## TASK REQUIREMENTS
Pull out of the data below the stretch of lines bounded by the one containing "Ben Affleck hair" and the one containing "Важливі питання про", both bounds included, unchanged.

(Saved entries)
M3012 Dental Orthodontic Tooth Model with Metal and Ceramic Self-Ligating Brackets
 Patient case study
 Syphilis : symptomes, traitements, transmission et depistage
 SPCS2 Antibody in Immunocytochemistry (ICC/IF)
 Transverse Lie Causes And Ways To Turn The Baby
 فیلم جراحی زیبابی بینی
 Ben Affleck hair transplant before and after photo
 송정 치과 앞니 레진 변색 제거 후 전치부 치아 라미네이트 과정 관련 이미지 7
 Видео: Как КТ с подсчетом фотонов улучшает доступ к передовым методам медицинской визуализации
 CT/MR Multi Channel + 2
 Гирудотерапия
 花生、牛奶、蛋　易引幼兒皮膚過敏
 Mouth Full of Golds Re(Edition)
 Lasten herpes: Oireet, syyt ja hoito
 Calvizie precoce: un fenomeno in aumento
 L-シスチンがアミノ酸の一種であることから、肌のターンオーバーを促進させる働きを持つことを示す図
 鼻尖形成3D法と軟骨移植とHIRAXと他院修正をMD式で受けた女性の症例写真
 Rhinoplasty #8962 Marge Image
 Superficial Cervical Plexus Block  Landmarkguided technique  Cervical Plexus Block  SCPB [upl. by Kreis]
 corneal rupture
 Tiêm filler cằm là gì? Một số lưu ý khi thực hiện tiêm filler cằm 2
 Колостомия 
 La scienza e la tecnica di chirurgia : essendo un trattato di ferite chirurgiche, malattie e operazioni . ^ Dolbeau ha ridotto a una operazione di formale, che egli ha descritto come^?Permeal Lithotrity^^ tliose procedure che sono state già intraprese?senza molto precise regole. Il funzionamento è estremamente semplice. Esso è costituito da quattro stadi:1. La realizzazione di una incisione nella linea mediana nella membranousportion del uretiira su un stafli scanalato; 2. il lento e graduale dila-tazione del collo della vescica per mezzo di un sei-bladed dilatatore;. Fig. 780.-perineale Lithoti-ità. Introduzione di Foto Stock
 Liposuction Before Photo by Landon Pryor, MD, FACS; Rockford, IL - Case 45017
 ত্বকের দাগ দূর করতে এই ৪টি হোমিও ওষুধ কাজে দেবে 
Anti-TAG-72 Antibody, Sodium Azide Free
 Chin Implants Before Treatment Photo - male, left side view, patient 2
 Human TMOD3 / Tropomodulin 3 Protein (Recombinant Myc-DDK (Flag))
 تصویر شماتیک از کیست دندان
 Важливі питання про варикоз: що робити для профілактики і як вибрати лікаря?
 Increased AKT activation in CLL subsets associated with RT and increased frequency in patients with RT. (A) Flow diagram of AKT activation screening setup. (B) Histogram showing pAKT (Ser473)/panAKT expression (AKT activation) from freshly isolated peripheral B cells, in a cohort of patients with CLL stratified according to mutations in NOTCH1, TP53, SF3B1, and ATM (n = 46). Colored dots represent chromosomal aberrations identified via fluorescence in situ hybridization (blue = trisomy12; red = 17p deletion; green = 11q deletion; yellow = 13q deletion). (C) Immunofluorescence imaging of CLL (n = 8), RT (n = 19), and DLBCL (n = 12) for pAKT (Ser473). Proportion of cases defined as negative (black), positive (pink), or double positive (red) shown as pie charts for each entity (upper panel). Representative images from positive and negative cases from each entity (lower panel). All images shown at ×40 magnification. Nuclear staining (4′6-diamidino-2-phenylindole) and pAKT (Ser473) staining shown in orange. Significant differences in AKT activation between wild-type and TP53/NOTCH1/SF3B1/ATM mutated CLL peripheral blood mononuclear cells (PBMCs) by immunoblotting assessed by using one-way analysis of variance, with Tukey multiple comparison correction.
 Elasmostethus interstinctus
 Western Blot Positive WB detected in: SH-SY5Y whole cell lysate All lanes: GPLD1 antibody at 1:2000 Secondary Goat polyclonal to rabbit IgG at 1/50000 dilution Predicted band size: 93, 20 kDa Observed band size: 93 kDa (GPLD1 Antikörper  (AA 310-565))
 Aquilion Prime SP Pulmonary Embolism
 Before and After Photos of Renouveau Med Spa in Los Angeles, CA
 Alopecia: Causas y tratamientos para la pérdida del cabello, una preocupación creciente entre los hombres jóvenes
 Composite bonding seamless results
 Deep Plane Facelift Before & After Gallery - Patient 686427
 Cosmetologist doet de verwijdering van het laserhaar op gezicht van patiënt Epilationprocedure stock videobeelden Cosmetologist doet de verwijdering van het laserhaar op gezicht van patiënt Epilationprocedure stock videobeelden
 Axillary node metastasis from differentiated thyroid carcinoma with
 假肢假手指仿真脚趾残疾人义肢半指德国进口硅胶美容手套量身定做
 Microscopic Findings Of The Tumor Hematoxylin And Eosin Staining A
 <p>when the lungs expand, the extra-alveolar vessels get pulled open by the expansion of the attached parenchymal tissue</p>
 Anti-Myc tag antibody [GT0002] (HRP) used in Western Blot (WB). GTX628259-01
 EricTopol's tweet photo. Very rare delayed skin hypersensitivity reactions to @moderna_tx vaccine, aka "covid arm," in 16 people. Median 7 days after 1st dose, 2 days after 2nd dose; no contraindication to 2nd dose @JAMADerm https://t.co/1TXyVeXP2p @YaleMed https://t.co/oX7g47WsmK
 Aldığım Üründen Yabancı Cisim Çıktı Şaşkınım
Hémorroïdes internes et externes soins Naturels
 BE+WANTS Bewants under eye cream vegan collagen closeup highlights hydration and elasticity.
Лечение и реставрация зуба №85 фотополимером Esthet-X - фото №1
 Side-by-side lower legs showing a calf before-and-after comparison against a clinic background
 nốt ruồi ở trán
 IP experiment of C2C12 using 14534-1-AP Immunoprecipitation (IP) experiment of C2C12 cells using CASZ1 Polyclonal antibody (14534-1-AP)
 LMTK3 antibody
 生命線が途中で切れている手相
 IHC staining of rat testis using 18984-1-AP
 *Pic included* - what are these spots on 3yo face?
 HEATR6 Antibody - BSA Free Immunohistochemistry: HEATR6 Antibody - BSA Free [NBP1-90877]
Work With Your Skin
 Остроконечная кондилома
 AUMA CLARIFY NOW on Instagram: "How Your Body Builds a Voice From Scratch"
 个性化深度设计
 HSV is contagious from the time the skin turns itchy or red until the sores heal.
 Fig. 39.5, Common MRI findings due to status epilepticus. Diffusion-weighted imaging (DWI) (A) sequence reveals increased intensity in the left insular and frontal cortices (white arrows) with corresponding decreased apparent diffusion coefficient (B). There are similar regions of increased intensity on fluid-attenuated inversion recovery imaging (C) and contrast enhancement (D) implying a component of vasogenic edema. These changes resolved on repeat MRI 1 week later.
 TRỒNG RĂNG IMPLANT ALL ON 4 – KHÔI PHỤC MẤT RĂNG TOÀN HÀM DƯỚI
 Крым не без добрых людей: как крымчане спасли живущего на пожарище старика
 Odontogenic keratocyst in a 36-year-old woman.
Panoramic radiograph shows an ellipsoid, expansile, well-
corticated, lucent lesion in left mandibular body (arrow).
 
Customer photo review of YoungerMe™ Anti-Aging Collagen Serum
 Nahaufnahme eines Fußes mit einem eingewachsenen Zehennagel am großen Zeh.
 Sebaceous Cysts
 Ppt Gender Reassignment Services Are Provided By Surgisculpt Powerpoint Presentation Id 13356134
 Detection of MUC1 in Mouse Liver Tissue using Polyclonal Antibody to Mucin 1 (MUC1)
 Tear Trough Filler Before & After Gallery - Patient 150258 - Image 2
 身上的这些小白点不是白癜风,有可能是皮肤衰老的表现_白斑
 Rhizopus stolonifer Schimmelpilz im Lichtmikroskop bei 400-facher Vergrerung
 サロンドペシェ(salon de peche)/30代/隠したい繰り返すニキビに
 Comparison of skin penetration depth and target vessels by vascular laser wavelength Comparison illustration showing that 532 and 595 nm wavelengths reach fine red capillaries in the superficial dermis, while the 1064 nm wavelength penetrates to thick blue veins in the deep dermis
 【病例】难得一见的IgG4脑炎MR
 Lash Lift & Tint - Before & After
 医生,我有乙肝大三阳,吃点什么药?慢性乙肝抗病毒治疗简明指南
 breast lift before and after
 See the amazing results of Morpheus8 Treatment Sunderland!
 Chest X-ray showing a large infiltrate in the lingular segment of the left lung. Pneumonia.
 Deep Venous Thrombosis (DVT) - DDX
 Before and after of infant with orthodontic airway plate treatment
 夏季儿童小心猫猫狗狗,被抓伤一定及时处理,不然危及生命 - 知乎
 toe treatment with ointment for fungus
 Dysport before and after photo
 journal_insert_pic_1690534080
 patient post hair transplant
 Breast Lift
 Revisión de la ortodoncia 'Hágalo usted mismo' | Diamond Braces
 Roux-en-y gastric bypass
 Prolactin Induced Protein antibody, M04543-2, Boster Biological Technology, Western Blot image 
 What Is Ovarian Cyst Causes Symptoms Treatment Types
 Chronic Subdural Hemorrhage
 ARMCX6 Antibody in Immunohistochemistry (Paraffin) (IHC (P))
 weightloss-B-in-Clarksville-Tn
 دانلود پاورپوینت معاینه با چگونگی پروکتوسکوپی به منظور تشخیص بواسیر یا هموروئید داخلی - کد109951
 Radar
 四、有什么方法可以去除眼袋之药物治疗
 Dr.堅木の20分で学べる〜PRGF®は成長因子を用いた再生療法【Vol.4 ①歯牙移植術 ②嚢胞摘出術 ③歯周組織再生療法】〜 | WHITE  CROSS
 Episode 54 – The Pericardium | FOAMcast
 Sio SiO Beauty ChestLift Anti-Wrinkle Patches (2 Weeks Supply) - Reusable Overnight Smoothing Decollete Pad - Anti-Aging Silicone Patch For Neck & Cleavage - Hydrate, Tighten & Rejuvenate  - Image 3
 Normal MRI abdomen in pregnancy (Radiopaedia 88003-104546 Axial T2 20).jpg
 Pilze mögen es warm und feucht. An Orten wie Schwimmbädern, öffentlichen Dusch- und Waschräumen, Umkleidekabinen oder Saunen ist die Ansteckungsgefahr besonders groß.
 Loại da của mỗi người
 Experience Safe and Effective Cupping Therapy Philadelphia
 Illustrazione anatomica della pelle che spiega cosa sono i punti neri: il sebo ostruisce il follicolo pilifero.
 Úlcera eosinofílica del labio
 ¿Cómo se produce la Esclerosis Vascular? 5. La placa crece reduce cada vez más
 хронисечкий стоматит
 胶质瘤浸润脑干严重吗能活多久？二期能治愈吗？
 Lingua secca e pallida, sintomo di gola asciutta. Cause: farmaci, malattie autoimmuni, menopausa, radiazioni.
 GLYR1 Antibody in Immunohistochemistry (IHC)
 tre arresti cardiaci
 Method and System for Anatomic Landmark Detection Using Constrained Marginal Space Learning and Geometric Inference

## EXPECTED ANSWER
 Ben Affleck hair transplant before and after photo
 송정 치과 앞니 레진 변색 제거 후 전치부 치아 라미네이트 과정 관련 이미지 7
 Видео: Как КТ с подсчетом фотонов улучшает доступ к передовым методам медицинской визуализации
 CT/MR Multi Channel + 2
 Гирудотерапия
 花生、牛奶、蛋　易引幼兒皮膚過敏
 Mouth Full of Golds Re(Edition)
 Lasten herpes: Oireet, syyt ja hoito
 Calvizie precoce: un fenomeno in aumento
 L-シスチンがアミノ酸の一種であることから、肌のターンオーバーを促進させる働きを持つことを示す図
 鼻尖形成3D法と軟骨移植とHIRAXと他院修正をMD式で受けた女性の症例写真
 Rhinoplasty #8962 Marge Image
 Superficial Cervical Plexus Block  Landmarkguided technique  Cervical Plexus Block  SCPB [upl. by Kreis]
 corneal rupture
 Tiêm filler cằm là gì? Một số lưu ý khi thực hiện tiêm filler cằm 2
 Колостомия 
 La scienza e la tecnica di chirurgia : essendo un trattato di ferite chirurgiche, malattie e operazioni . ^ Dolbeau ha ridotto a una operazione di formale, che egli ha descritto come^?Permeal Lithotrity^^ tliose procedure che sono state già intraprese?senza molto precise regole. Il funzionamento è estremamente semplice. Esso è costituito da quattro stadi:1. La realizzazione di una incisione nella linea mediana nella membranousportion del uretiira su un stafli scanalato; 2. il lento e graduale dila-tazione del collo della vescica per mezzo di un sei-bladed dilatatore;. Fig. 780.-perineale Lithoti-ità. Introduzione di Foto Stock
 Liposuction Before Photo by Landon Pryor, MD, FACS; Rockford, IL - Case 45017
 ত্বকের দাগ দূর করতে এই ৪টি হোমিও ওষুধ কাজে দেবে 
Anti-TAG-72 Antibody, Sodium Azide Free
 Chin Implants Before Treatment Photo - male, left side view, patient 2
 Human TMOD3 / Tropomodulin 3 Protein (Recombinant Myc-DDK (Flag))
 تصویر شماتیک از کیست دندان
 Важливі питання про варикоз: що робити для профілактики і як вибрати лікаря?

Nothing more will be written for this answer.